Re: getting created child on NodeChildrenChanged event

2010-08-31 Thread Dave Wright
Hi Todd -
The general explanation for why Zookeeper doesn't pass the event information
w/ the event notification is that an event notification is only triggered
once, and thus may indicate multiple events. For example, if you do a
GetChildren and set a watch, then multiple children are added at about the
same time, the first one triggers a notification, but the second (or later)
ones do not. When you do another GetChildren() request to get the list and
reset the watch, you'll see all the changed nodes, however if you had just
been told about the first change in the notification you would have missed
the others.
To do what you are wanting, you would really need persistent watches that
send notifications every time a change occurs and don't need to be reset so
you can't miss events. That isn't the design that was chosen for Zookeeper
and I don't think it's likely to be implemented.

-Dave Wright

On Tue, Aug 31, 2010 at 3:49 AM, Todd Nine t...@spidertracks.co.nz wrote:

 Hi all,
  I'm writing a distributed queue monitoring class for our leader node in
 the cluster.  We're queueing messages per input hardware device, this queue
 is then assigned to a node with the least load in our cluster.  To do this,
 I maintain 2 Persistent Znode with the following format.

 data queue

 /dataqueue/devices/unit id/data packet

 processing follower

 /dataqueue/nodes/node name/unit id

 The queue monitor watches for changes on the path of /dataqueue/devices.
  When the first packet from a unit is received, the queue writer will
 create
 the queue with the unit id.  This triggers the watch event on the
 monitoring
 class, which in turn creates the znode for the path with the least loaded
 node.  This path is watched for child node creation and the node creates a
 queue consumer to consume messages from the new queue.


 Our list of queues can become quite large, and I would prefer not to
 maintain a list of queues I have assigned then perform a delta when the
 event fires to determine which queues are new and caused the watch event.

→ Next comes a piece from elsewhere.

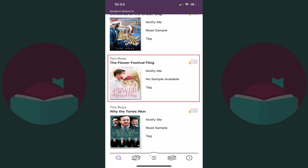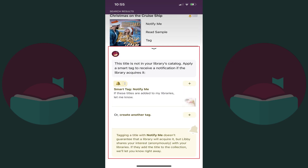Step 5: Find the book you'd like your local library to purchase. Again, even if the author has content available on Libby, the specific book you're looking for may not show up in this list because it's exclusive to a specific platform like Kindle Unlimited. Tap "Notify Me" associated with that book. A window pops up where you'll see a note that this title isn't in your library's catalog currently.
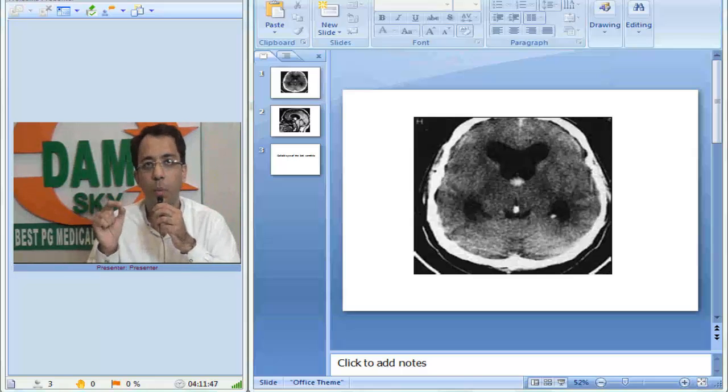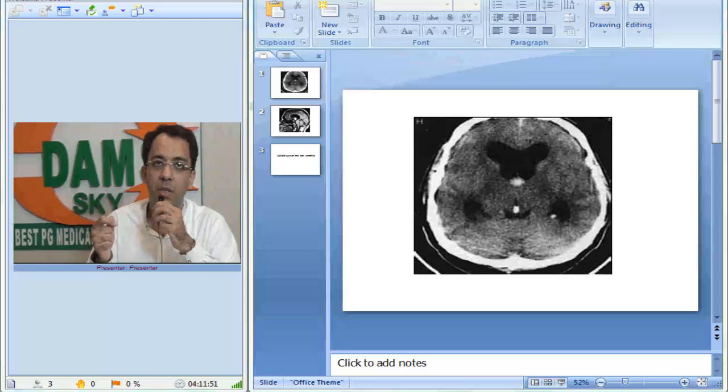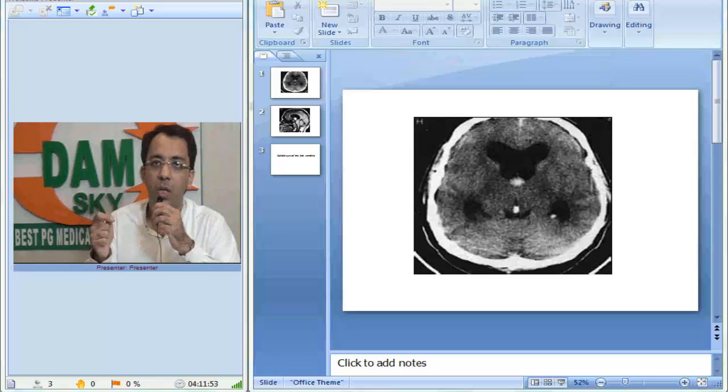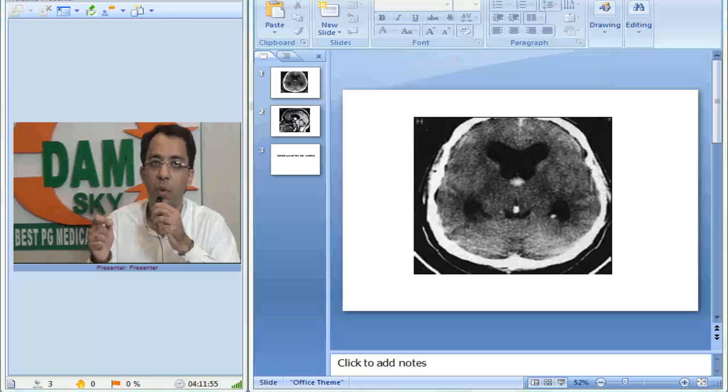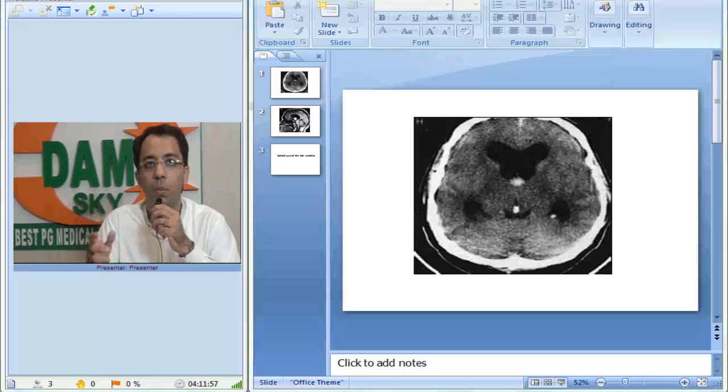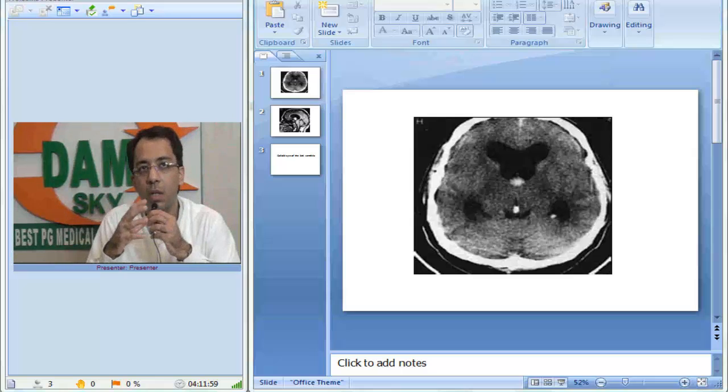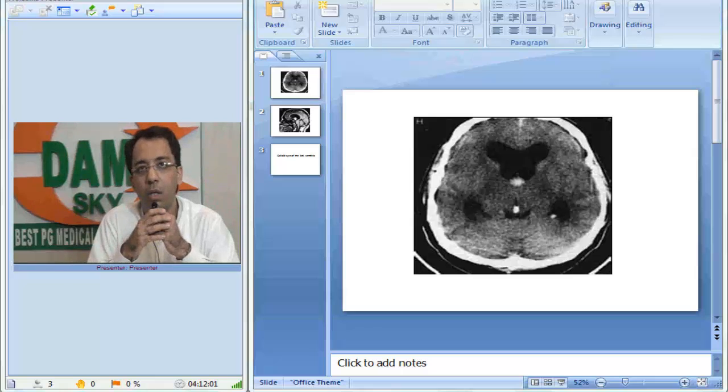Are you able to appreciate? So what will be my description? Hyperdense, well-defined, rounded lesion in the region of foramen of Monroe with bilateral ventriculomegaly, which is in the anterior part of the third ventricle.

I
 can't really use sequenced nodes and keep track of my last read position,
 because I don't want to iterate over the list of queues to determine which
 sequenced node belongs to the current unit id (it would require full
 iteration, which really doesn't save me any reads).  Is it possible to
 create a watch to return the path and Stat of the child node that caused
 the
 event to fire?

 Thanks,
 Todd



Re: getting created child on NodeChildrenChanged event

2010-08-31 Thread Todd Nine
Hi Dave,
  Thanks for the response.  I understand your point about missed events
during a watch reset period.  I may be off, here is the functionality I
was thinking.  I'm not sure if the ZK internal versioning process could
possibly support something like this.

1. A watch is placed on children
2. The event is fired to the client.  The client receives the Stat
object as part of the event for the current state of the node when the
event was created.  We'll call this Stat A with version 1
3. The client performs processing.  Meanwhile the node has several
children changed. Versions are incremented to version 2 and version 3
4. Client resets the watch
5. A node is added
6. The event is fired to the client.  Client receives Stat B with
version 4
7. Client calls performs a deltaChildren(Stat A, Stat B)
8. zookeeper returns added nodes between stats, also returns deleted
nodes between stats.

This would handle the missed event problem since the client would have
the 2 states it needs to compare.  It also allows clients dealing with
large data sets to only deal with the delta over time (like a git
replay).  Our number of queues could get quite large, and I'm concerned
that keeping my previous event's children in a set to perform the delta
may become quite memory and processor intensive  Would a feature like
this be possible without over complicating the Zookeeper core?
 

Thanks,
Todd

On Tue, 2010-08-31 at 09:23 -0400, Dave Wright wrote:

 Hi Todd -
 The general explanation for why Zookeeper doesn't pass the event information
 w/ the event notification is that an event notification is only triggered
 once, and thus may indicate multiple events. For example, if you do a
 GetChildren and set a watch, then multiple children are added at about the
 same time, the first one triggers a notification, but the second (or later)
 ones do not. When you do another GetChildren() request to get the list and
 reset the watch, you'll see all the changed nodes, however if you had just
 been told about the first change in the notification you would have missed
 the others.
 To do what you are wanting, you would really need persistent watches that
 send notifications every time a change occurs and don't need to be reset so
 you can't miss events. That isn't the design that was chosen for Zookeeper
 and I don't think it's likely to be implemented.
 
 -Dave Wright
 
 On Tue, Aug 31, 2010 at 3:49 AM, Todd Nine t...@spidertracks.co.nz wrote:
 
  Hi all,
   I'm writing a distributed queue monitoring class for our leader node in
  the cluster.  We're queueing messages per input hardware device, this queue
  is then assigned to a node with the least load in our cluster.  To do this,
  I maintain 2 Persistent Znode with the following format.
 
  data queue
 
  /dataqueue/devices/unit id/data packet
 
  processing follower
 
  /dataqueue/nodes/node name/unit id
 
  The queue monitor watches for changes on the path of /dataqueue/devices.
   When the first packet from a unit is received, the queue writer will
  create
  the queue with the unit id.  This triggers the watch event on the
  monitoring
  class, which in turn creates the znode for the path with the least loaded
  node.  This path is watched for child node creation and the node creates a
  queue consumer to consume messages from the new queue.
 
 
  Our list of queues can become quite large, and I would prefer not to
  maintain a list of queues I have assigned then perform a delta when the
  event fires to determine which queues are new and caused the watch event. I
  can't really use sequenced nodes and keep track of my last read position,
  because I don't want to iterate over the list of queues to determine which
  sequenced node belongs to the current unit id (it would require full
  iteration, which really doesn't save me any reads).  Is it possible to
  create a watch to return the path and Stat of the child node that caused
  the
  event to fire?
 
  Thanks,
  Todd